Entrevue avec la scénariste Jessica Swale: Summerland

Premier long métrage de la scénariste / réalisatrice Jessica Swale, Summerland, raconte l'histoire d'Alice (Gemma Arterton), une femme stoïque et solitaire de l'Angleterre de la Seconde Guerre mondiale qui trouve un jeune garçon qui lui est imposé au plus fort du Blitz, le bombardement nazi de Londres qui a déplacé de nombreux civils vers le moins campagne dangereuse. Alors que le film explore la relation naissante entre l'écrivain endurci et sa charge courageuse et irrépressible, Summerland montre aussi les jeunes années d'Alice et comment une romance vouée à l'échec l'a laissée amère et méfiante à l'égard d'une société intolérante.
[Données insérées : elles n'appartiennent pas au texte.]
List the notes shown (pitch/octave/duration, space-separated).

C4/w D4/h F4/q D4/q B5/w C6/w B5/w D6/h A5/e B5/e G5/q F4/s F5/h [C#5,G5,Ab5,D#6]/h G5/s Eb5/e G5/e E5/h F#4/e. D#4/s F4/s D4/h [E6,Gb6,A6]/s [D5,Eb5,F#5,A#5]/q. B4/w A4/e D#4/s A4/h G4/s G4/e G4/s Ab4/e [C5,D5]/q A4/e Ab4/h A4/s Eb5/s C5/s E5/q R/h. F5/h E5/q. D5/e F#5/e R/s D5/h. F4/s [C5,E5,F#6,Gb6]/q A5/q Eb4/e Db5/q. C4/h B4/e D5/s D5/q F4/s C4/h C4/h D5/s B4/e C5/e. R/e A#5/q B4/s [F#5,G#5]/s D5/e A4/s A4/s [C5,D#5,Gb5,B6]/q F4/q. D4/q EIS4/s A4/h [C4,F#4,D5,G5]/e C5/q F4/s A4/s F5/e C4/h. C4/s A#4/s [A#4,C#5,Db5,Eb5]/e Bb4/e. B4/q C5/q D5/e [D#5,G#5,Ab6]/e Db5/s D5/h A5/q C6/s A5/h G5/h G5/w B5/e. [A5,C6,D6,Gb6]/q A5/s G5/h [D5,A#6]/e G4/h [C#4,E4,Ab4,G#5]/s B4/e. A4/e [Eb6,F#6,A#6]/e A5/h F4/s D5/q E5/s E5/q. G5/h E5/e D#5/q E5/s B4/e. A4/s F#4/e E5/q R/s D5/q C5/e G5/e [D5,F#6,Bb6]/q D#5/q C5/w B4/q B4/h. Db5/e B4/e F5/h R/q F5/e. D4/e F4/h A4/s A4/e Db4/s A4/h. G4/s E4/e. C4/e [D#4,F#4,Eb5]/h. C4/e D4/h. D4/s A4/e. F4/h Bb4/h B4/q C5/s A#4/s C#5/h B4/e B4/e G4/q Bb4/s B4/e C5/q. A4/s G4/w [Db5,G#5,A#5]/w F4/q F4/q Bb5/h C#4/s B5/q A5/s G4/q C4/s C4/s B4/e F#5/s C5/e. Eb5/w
Swale est surtout connue pour son travail dans le théâtre, avec des pièces comme Blue Stockings et Thomas Tallis qui ont été acclamées pendant leur séjour dans le West End de Londres. Summerland marque les débuts de la réalisatrice de long métrage de Swale et la réunit avec la principale dame Gemma Arterton, qui a également joué le personnage principal de l'une des pièces les plus célèbres de Swale, Nell Gwynn. Le film met également en vedette Gugu Mbatha-Raw, Tom Courtenay et Lucas Bond dans le rôle de Frank, le jeune garçon qui bouleverse la vie d'Alice.

En relation: Critique de Summerland de Screen Rant

Tout en faisant la promotion de la sortie Summerland, Jessica Swale a parlé à Screen Rant de divers aspects du film, du défi et de l'opportunité du film par rapport au théâtre, à la collaboration avec Gemma Arterton. Elle parle des thèmes du film et de l'importance pour elle de créer quelque chose d'intelligent, mais réconfortant et de bonne humeur. Elle explique également comment Arterton avait vieilli pour son rôle d'ermite auto-isolée qui s'était coupée de la connexion humaine.

Summerland est maintenant disponible dans certains cinémas et VOD.

Gemma Arterton à Summerland

Tout d'abord, j'ai adoré votre film. Cela m'a vraiment assommé. J'étais fasciné. Eh bien, vous savez à quel point c'est bon, vous l'avez fait!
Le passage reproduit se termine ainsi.